Task to carry out ::
Write out the entire listing below exactly, with the pictures left out.

%%

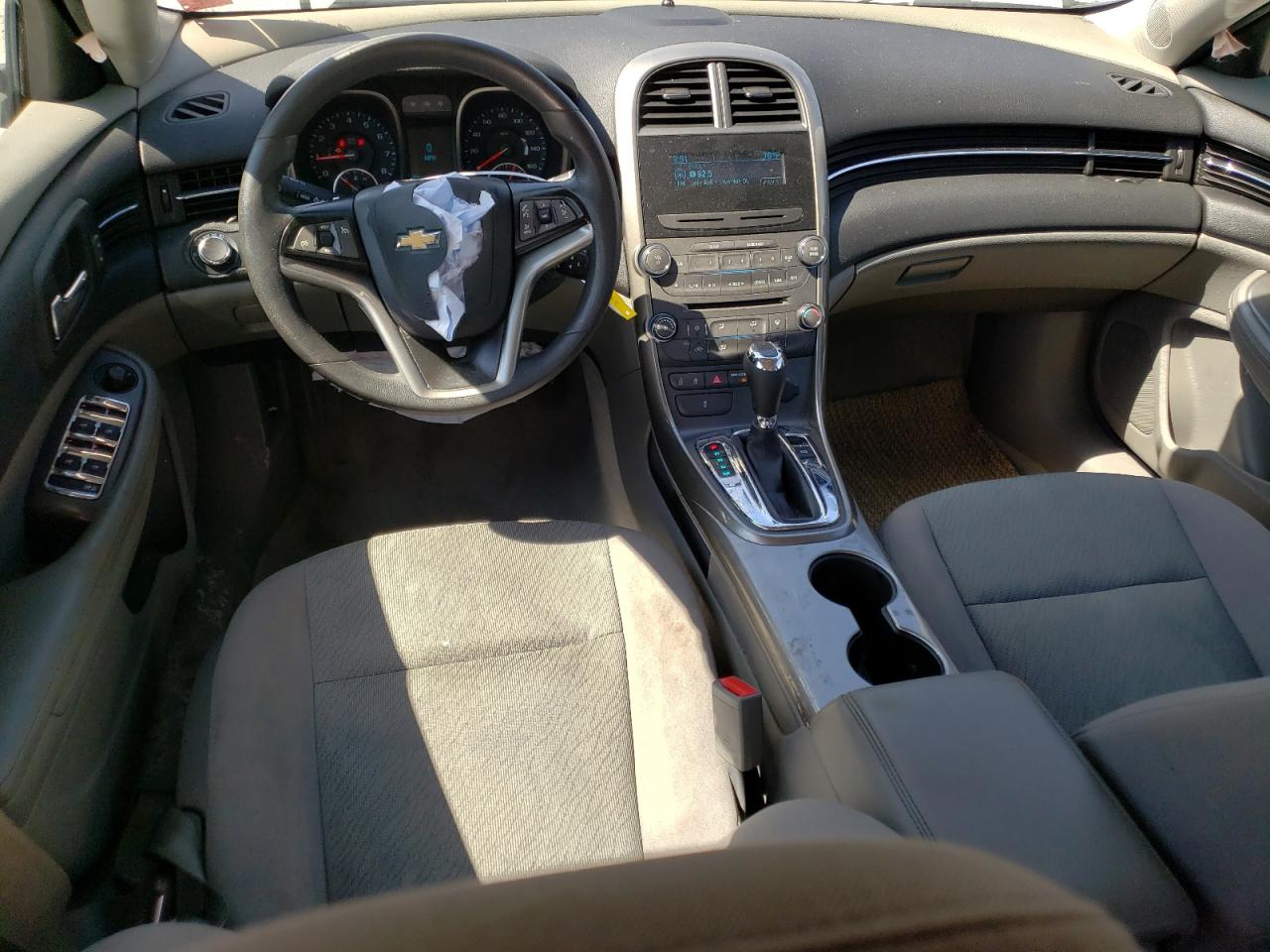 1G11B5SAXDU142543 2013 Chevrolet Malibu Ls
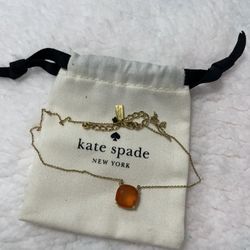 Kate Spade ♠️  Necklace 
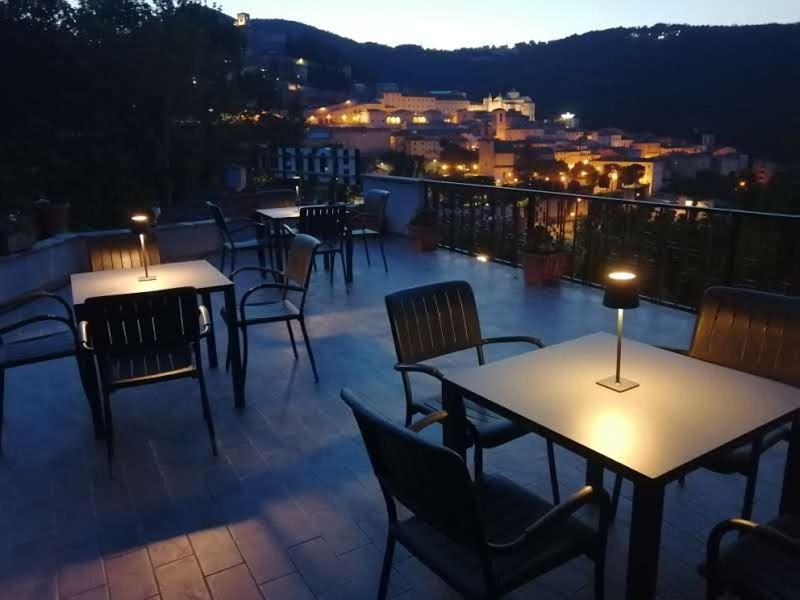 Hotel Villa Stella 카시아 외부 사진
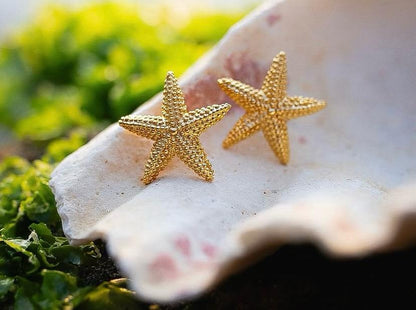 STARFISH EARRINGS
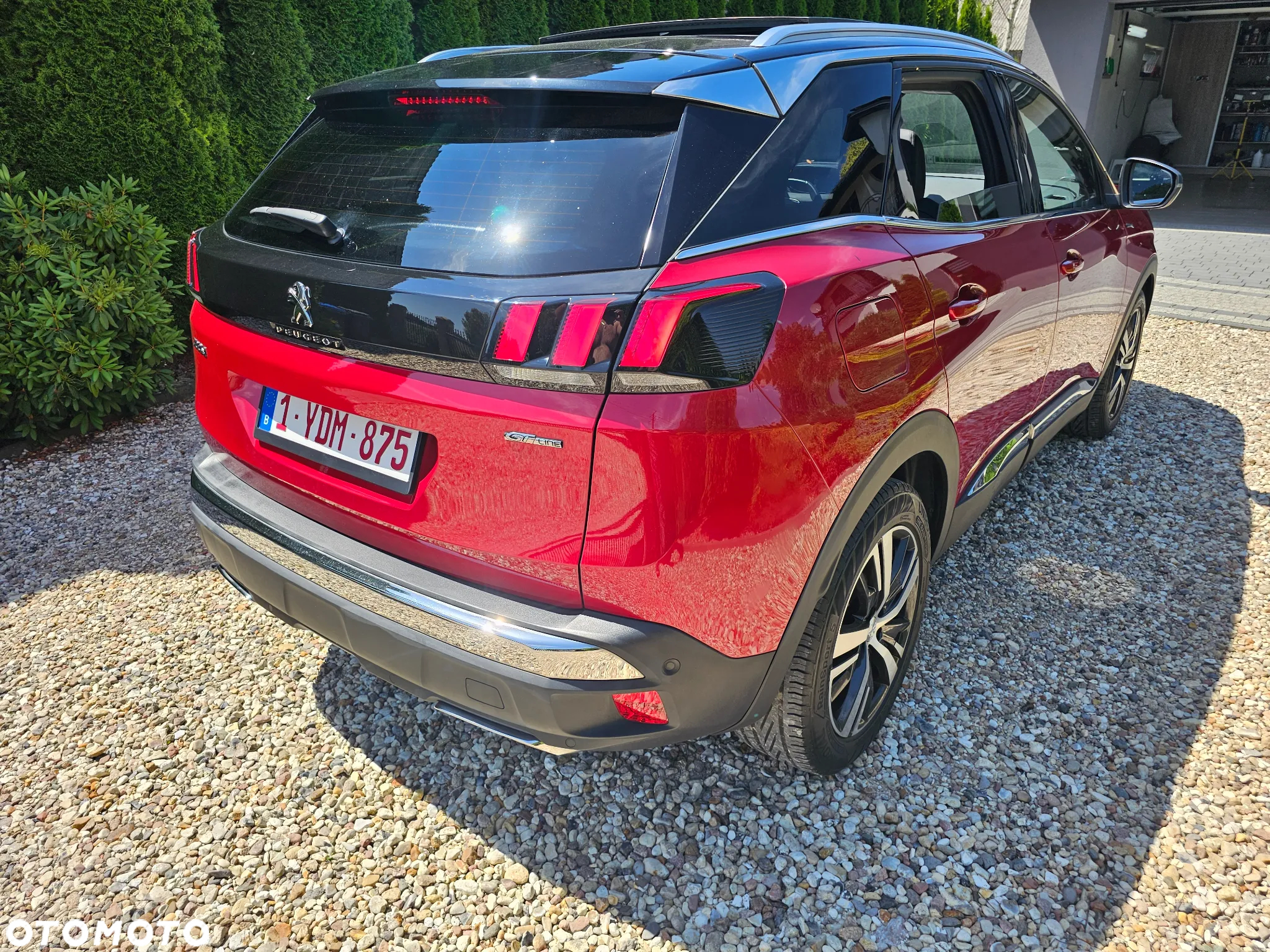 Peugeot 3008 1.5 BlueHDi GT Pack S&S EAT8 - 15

%%

Exercise answer ::
 1G11B5SAXDU142543 2013 Chevrolet Malibu Ls
 Kate Spade ♠️  Necklace 
 Hotel Villa Stella 카시아 외부 사진
 STARFISH EARRINGS
 Peugeot 3008 1.5 BlueHDi GT Pack S&S EAT8 - 15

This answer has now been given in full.